Action item: Pictures appear among the records. Write out all else exactly as it stands.

Image-caption web data

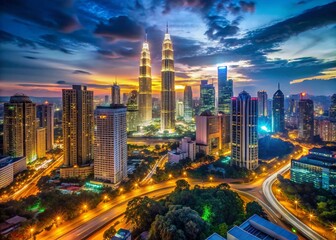 Fototapeta premium Kuala Lumpur Night Panorama: Stunning Cityscape Views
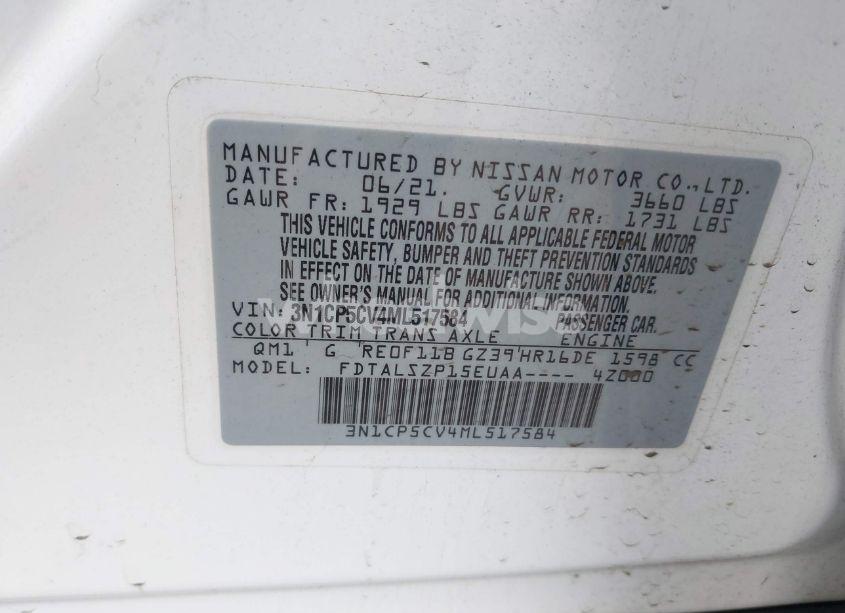 Photo 9 of 2021 Nissan Kicks SV XTRONIC CVT (VIN 3N1CP5CV4ML517584)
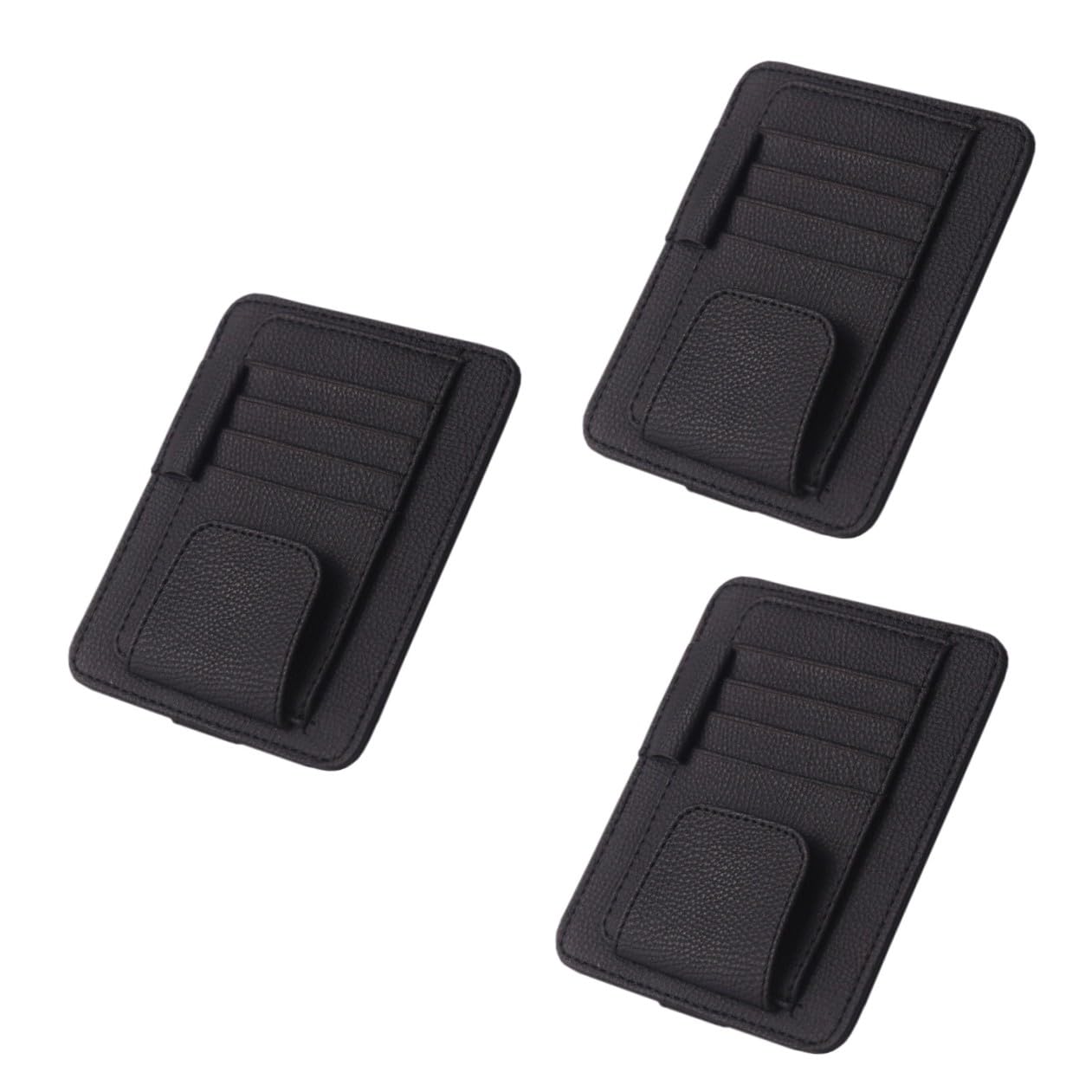 SHERCHPRY 3piezas Organizador De Visera Solar para Coche Funda De Almacenamiento De PU Negro para Gafas Teléfonos y Accesorios De Automóvil Compatible La Mayoría De Vehículos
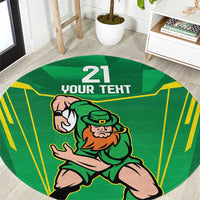 Green round rug close-up with leprechaun warrior logo and 21 YOUR TERT centered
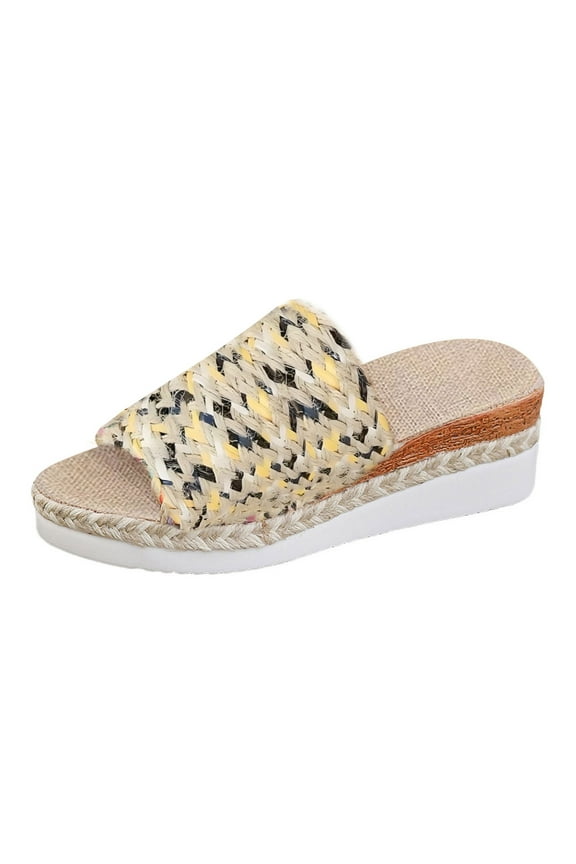 Espadrilles Wedge Sandals for Women Orthopedic Woven Open Toe Slip on Casual Beach Vacation Shoes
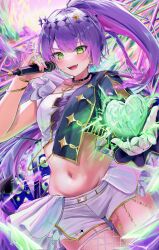1girl black_choker blush bracelet center-flap_bangs choker colored_inner_hair commentary_request cowboy_shot demon_tail double-parted_bangs fang fishnet_thighhighs fishnets gloves gradient_hair groin half-jacket halo heart high_ponytail highres holding holding_heart holding_microphone hololive jewelry long_hair long_sleeves looking_at_viewer microphone midriff multicolored_hair multiple_bracelets navel official_alternate_costume official_alternate_hairstyle open_mouth overskirt piercing pink_hair ponytail purple_hair shirt shorts single_fishnet_legwear single_glove single_thighhigh sleeveless sleeveless_shirt solo stomach tail tail_ornament tail_piercing thighhighs tokoyami_towa tokoyami_towa_(break_your_xxx) v-shaped_eyebrows very_long_hair virtual_youtuber white_gloves white_overskirt white_shirt white_shorts white_thighhighs y&#039;=&#039;y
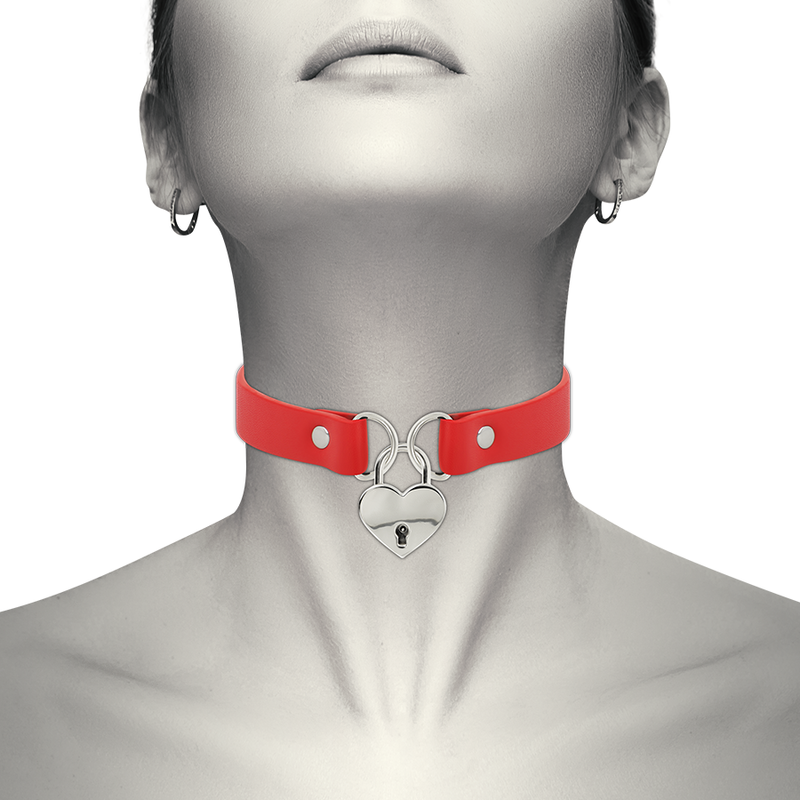Colar De Couro Vegano Vermelho Com Acessório De Corao Com Chave - Coquette Chic Desire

Answer to this problem:
 Fototapeta premium Kuala Lumpur Night Panorama: Stunning Cityscape Views
 Photo 9 of 2021 Nissan Kicks SV XTRONIC CVT (VIN 3N1CP5CV4ML517584)
 SHERCHPRY 3piezas Organizador De Visera Solar para Coche Funda De Almacenamiento De PU Negro para Gafas Teléfonos y Accesorios De Automóvil Compatible La Mayoría De Vehículos
 Green round rug close-up with leprechaun warrior logo and 21 YOUR TERT centered
 Espadrilles Wedge Sandals for Women Orthopedic Woven Open Toe Slip on Casual Beach Vacation Shoes
1girl black_choker blush bracelet center-flap_bangs choker colored_inner_hair commentary_request cowboy_shot demon_tail double-parted_bangs fang fishnet_thighhighs fishnets gloves gradient_hair groin half-jacket halo heart high_ponytail highres holding holding_heart holding_microphone hololive jewelry long_hair long_sleeves looking_at_viewer microphone midriff multicolored_hair multiple_bracelets navel official_alternate_costume official_alternate_hairstyle open_mouth overskirt piercing pink_hair ponytail purple_hair shirt shorts single_fishnet_legwear single_glove single_thighhigh sleeveless sleeveless_shirt solo stomach tail tail_ornament tail_piercing thighhighs tokoyami_towa tokoyami_towa_(break_your_xxx) v-shaped_eyebrows very_long_hair virtual_youtuber white_gloves white_overskirt white_shirt white_shorts white_thighhighs y&#039;=&#039;y
Colar De Couro Vegano Vermelho Com Acessório De Corao Com Chave - Coquette Chic Desire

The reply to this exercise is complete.